What you should do -> Exactly as they appear below, repeat the lines from the one with "Вътрешно тяло Daikin FTXJ50AS" through the one with "2650 Countryside Blvd, Clearwater, FL". Drop every picture.

Available data START

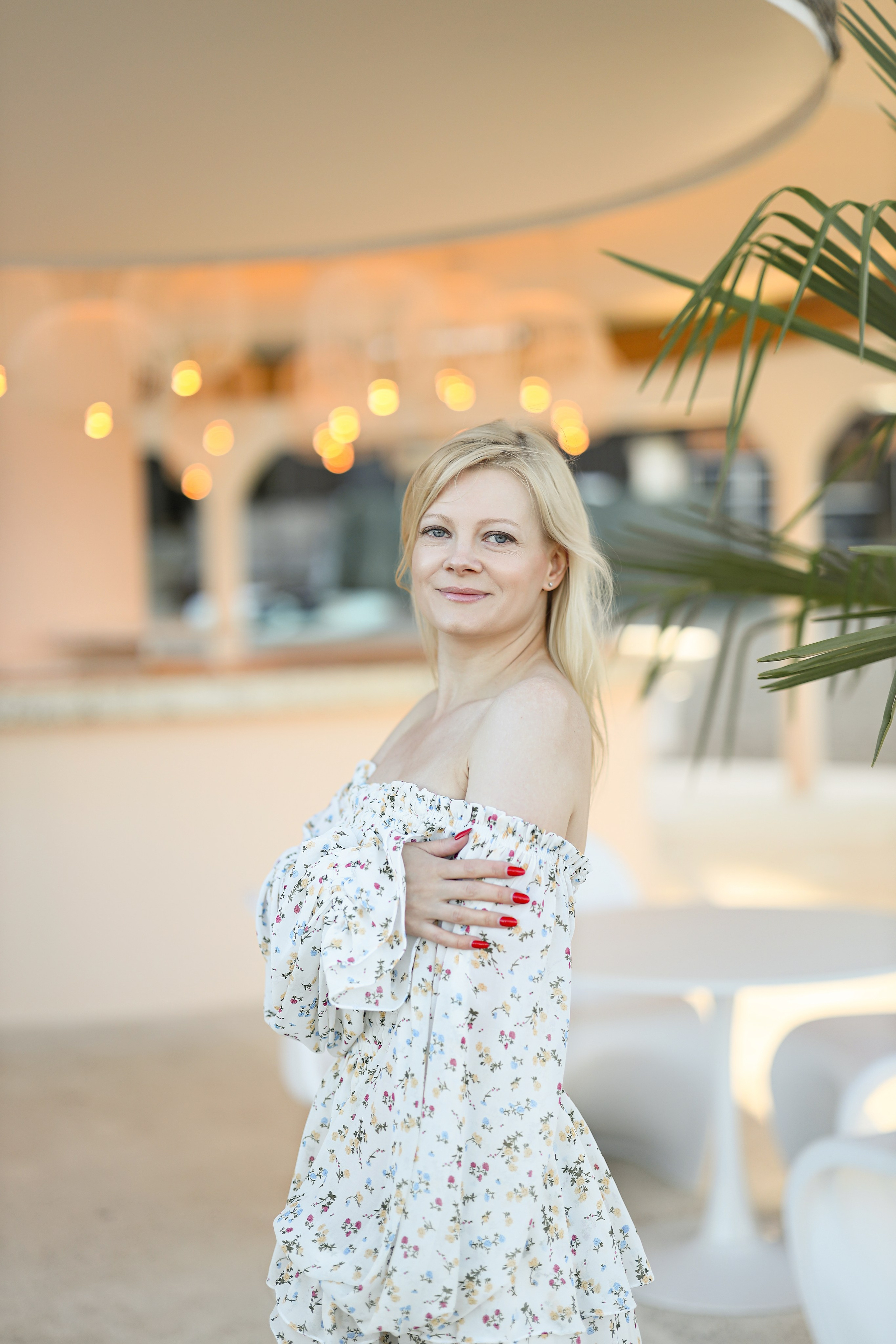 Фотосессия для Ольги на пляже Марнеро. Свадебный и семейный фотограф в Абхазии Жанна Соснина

Available data END
Available data START

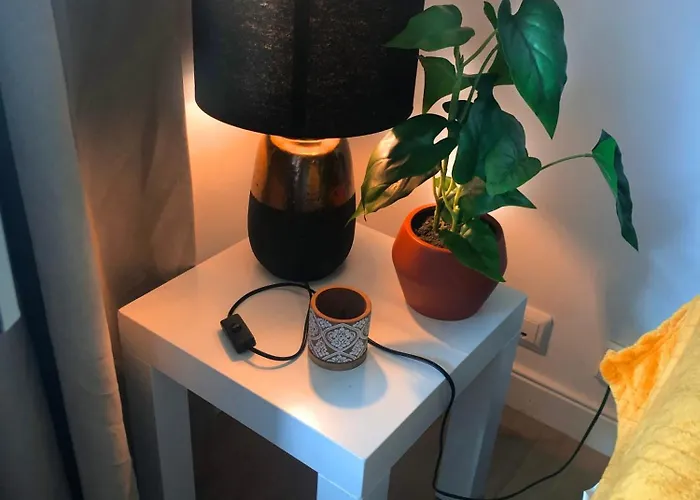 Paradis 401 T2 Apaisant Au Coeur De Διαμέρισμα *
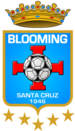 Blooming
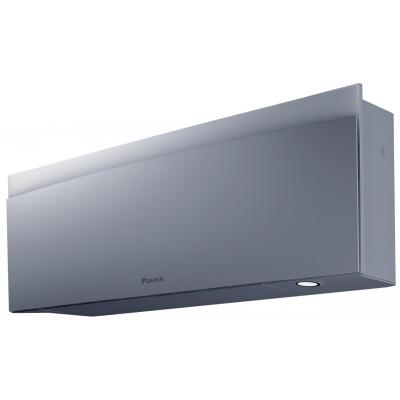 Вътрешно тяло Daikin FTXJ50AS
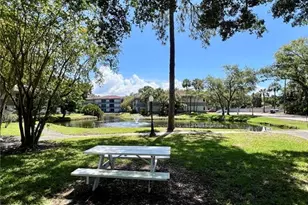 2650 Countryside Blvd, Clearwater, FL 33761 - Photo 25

Available data END

Exercise solution ->
 Вътрешно тяло Daikin FTXJ50AS
 2650 Countryside Blvd, Clearwater, FL 33761 - Photo 25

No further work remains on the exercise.